Le travail n’est pas la panacée
L’écrivain Mabrouck Rachedi pastiche l’actualité. Ce mois-ci, l’auteur de “Toutes les couleurs de mon drapeau” met en parallèle la montée de l’extrême droite et la perte de sens dans nos sociétés.
L’extrême droite a récolté 17,8 % des voix lors des législatives suédoises, soit 5 % de plus que lors du scrutin précédent. Si c’est en dessous des prévisions, difficile de se réjouir de voir le parti mal nommé des Démocrates de Suède poindre à la troisième place d’une élection nationale. La question se pose de savoir si, comme en Italie, au Danemark, en Norvège, au Pays-Bas, en Bulgarie, en Slovaquie, en Autriche, en Finlande, l’extrême droite intégrera une coalition gouvernementale. En dehors des urnes, en Allemagne, des slogans nazis ont été entendus à Köthen et à Chemnitz lors de manifestations anti-migrants. Ces exemples, parmi d’autres, illustrent la lame de fond xénophobe qui frappe non seulement l’Europe, mais aussi le monde entier.
Parmi les pays où l’extrême droite prospère, les situations sont contrastées. Certains sont d’anciens pays colonisateurs, d’autres non. Certains sont en crise économique, d’autres en plein-emploi. Certains ont une forte population d’immigrés ou issue de l’immigration, d’autres en ont peu. Il semblerait qu’il y ait d’autres mécanismes en jeu que la mémoire coloniale, la santé économique ou la présence migratoire et qu’ils soient propres à des systèmes, qui produisent un certain mal-être, à l’origine de la peur de l’autre.
Des métiers vides de sens
Ce mal-être existe au cœur du système, dans la création de richesse. En aval, le travail aliène. En amont, la distribution est inégale. La double peine s’abat sur les sans-emploi, exclus et sous pression. L’anthropologue David Graeber parle de “bullshit jobs”*, soit des “emplois à la con” dont l’utilité sociale est discutable et qui n’épanouissent pas les salariés. Au lieu de libérer le travailleur, la technologie a accéléré ce processus qui vide de sens un métier : le but était de répondre à un besoin en le transformant en emploi, lequel vise à créer de la valeur financière captée par une oligarchie. Les rapports en entreprise et les rapports sociaux en général sont régis par l’absurde. On souffre au travail pour pouvoir consommer des objets, dont la valeur est déterminée socialement plus que par un réel besoin. On achètera le vêtement ou le véhicule que tout le monde veut. Même dans ses choix, le citoyen-consommateur est aliéné.

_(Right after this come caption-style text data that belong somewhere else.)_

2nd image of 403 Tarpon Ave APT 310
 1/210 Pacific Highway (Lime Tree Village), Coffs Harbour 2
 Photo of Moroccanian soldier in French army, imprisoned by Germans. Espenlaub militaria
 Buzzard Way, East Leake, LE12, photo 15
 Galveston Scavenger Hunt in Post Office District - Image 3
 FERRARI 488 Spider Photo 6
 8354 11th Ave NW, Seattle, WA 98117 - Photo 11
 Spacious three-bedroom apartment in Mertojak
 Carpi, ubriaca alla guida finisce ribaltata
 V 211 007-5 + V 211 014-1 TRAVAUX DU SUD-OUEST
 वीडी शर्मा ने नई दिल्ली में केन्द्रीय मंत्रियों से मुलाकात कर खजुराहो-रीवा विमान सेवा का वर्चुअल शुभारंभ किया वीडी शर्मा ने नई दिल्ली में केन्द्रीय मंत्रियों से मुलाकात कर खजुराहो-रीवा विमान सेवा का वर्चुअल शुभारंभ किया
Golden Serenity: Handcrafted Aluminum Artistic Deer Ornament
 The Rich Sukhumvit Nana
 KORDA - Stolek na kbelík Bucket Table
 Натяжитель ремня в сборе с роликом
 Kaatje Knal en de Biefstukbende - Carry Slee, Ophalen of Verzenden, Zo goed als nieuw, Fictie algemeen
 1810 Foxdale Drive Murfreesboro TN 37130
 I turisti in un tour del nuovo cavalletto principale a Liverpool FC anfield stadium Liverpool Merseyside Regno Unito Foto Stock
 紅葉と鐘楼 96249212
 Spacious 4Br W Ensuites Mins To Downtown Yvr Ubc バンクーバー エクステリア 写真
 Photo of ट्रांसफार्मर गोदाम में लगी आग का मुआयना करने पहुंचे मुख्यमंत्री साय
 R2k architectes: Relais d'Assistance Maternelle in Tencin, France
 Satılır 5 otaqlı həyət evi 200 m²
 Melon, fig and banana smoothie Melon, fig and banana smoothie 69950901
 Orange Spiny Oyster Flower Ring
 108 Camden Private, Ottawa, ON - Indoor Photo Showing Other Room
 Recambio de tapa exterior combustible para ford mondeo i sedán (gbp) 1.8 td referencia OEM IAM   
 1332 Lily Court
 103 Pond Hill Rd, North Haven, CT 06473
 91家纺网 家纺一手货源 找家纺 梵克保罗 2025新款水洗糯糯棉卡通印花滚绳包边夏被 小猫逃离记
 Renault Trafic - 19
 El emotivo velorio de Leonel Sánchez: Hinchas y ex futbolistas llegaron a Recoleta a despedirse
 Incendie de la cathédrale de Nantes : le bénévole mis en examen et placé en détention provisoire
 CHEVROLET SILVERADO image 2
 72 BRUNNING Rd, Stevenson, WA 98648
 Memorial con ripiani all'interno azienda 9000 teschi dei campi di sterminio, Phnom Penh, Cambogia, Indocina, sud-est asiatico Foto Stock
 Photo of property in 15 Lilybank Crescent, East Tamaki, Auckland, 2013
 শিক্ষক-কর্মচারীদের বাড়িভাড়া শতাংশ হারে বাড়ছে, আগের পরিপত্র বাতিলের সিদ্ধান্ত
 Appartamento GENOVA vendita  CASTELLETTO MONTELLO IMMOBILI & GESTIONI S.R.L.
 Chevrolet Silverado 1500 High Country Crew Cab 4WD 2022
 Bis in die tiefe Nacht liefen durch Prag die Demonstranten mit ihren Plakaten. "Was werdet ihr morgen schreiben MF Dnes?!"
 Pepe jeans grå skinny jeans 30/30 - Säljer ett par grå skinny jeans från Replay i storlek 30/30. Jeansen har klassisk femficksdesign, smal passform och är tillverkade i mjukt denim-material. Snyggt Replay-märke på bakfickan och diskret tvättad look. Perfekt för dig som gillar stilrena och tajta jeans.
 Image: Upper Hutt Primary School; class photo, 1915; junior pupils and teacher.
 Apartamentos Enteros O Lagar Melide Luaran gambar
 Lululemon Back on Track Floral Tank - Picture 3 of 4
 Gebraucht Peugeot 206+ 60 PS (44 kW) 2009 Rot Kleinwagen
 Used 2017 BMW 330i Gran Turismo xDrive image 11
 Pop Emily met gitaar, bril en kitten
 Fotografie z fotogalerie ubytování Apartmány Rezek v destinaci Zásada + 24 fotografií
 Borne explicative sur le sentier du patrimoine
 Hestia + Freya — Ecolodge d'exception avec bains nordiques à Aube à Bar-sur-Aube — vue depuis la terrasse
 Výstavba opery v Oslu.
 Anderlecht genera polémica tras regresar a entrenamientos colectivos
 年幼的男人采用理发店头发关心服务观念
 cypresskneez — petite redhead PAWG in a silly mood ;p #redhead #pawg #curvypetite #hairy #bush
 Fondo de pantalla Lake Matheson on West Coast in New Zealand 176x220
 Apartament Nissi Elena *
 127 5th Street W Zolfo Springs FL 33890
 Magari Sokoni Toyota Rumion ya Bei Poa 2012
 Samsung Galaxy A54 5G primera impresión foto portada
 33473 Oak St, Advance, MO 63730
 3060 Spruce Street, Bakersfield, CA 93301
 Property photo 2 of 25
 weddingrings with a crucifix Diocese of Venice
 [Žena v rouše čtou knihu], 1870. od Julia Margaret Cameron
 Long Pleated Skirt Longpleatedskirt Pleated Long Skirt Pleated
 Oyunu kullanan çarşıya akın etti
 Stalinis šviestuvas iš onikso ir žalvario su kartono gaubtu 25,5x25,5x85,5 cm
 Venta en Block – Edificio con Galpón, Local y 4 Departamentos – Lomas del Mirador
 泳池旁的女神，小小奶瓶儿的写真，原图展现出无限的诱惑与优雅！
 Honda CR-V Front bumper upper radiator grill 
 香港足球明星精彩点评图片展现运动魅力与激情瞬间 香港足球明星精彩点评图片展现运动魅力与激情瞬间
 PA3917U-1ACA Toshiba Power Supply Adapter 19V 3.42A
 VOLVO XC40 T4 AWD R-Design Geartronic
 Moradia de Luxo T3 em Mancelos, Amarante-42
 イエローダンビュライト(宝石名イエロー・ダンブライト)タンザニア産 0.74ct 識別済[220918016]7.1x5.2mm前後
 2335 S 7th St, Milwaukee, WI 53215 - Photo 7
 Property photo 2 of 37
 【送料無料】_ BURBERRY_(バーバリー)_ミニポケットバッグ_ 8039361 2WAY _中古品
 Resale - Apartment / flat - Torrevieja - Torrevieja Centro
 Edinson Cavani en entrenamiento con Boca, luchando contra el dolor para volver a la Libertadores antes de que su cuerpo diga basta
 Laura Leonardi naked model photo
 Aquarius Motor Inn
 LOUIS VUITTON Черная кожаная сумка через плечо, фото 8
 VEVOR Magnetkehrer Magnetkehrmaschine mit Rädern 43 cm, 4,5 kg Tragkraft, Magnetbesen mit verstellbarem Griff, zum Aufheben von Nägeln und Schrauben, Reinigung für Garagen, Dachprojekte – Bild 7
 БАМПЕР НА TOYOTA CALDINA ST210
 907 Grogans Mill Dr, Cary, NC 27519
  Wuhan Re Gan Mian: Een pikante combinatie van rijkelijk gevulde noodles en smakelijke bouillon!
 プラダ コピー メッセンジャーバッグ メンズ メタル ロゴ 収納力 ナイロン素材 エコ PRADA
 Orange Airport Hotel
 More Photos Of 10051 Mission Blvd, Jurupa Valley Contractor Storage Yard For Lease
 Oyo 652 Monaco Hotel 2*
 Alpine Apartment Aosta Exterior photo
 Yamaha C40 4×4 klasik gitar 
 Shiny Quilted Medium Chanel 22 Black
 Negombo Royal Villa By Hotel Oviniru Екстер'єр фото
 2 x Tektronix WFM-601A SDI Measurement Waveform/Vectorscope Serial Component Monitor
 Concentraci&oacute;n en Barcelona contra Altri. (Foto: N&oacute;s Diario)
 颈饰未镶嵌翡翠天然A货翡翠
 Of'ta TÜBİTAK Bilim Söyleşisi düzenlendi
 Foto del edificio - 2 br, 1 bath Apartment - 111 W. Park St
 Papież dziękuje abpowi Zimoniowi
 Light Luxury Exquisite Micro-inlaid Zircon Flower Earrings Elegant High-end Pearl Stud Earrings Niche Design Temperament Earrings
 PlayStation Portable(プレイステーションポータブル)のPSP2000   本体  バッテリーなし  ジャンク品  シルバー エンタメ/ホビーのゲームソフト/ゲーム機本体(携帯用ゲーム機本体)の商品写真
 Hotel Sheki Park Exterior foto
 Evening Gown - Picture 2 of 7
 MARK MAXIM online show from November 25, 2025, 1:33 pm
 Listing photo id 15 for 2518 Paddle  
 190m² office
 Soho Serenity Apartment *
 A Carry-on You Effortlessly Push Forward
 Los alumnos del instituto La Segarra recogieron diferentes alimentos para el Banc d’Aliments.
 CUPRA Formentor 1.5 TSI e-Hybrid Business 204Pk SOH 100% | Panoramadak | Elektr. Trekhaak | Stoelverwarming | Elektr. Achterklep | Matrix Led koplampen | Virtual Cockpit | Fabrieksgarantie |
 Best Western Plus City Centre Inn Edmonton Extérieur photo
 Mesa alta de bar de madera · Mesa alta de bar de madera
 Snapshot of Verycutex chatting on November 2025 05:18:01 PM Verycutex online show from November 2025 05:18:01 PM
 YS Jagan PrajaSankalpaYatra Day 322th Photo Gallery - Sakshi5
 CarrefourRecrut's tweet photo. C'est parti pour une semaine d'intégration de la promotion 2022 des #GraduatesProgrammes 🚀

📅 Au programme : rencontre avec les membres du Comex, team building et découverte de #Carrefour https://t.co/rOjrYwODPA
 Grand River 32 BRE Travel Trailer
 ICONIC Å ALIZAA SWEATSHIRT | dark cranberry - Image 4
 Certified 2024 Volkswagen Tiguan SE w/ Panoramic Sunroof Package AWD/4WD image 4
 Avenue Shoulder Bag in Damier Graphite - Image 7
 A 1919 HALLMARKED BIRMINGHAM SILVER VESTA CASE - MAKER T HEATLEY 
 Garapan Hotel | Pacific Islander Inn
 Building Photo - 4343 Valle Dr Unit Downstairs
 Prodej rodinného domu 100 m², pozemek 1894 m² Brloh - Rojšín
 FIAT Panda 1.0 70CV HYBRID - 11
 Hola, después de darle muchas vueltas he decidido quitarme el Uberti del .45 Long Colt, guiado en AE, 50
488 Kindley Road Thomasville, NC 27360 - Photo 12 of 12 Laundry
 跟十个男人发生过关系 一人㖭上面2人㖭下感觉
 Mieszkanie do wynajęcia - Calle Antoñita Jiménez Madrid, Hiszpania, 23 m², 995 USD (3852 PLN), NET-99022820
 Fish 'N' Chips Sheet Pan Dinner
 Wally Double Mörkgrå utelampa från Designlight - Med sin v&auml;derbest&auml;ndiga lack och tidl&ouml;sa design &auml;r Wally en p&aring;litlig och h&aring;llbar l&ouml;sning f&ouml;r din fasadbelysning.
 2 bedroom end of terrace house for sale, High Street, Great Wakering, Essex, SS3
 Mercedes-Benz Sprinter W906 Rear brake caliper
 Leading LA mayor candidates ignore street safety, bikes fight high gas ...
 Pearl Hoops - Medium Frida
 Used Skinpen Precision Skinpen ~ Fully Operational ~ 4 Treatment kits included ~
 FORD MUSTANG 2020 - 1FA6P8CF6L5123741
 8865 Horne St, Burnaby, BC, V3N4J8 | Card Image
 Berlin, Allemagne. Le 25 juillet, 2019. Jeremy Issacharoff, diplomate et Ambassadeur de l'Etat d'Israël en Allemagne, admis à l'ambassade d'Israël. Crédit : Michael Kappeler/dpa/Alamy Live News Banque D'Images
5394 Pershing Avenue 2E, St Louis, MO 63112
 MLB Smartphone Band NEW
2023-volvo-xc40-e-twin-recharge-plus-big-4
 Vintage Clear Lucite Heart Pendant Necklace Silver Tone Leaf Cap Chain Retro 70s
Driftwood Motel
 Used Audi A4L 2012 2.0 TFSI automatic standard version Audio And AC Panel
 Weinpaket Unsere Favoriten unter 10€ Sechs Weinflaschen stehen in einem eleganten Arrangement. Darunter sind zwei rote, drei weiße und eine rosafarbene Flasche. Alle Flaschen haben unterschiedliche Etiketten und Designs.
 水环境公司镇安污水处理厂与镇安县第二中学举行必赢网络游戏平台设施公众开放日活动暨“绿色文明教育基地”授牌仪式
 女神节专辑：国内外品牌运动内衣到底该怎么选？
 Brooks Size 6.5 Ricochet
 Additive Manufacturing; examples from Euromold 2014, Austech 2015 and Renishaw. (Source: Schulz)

La mise en place d’un Bonheur national brut
Il existe pourtant une réelle aspiration au changement. On n’a jamais publié autant de livres sur le développement personnel, organisé autant de conférences sur le bien-être en entreprise, produit autant de feel good movies… Mais au lieu d’inspirer le changement, ils fonctionnent comme une bulle d’air pour supporter le réel asphyxiant. Cela relève du même raisonnement que jouer au Loto : chacun sait qu’il est presque impossible de gagner, mais rêver de ce que l’on pourrait faire en cas de gain suffit. Le rêve aide à supporter et à détourner la réalité et la nécessité du changement.
Le Bhoutan a mis en place un Bonheur national brut (BNB), en plus du sacro-saint Produit intérieur brut (PIB), pour valoriser d’autres critères que les indicateurs macro-économiques. C’est un pas dans la bonne direction mais, outre l’effort des états, il nous revient de définir quels contours nous voulons donner à notre bonheur. La pyramide de Maslow hiérarchise les besoins humains en cinq étages : les besoins physiques, la sécurité, l’appartenance, l’estime, puis l’accomplissement de soi. Si nous ne savons pas comment nous accomplir individuellement et collectivement, nous verrons dans l’autre le malheur qui vient de nous-mêmes et l’étranger en sera le bouc émissaire tout désigné.
* Bullshit Jobs de David Graeber, éd. Les liens qui libèrent (mai 2018), 416 p., 25 €.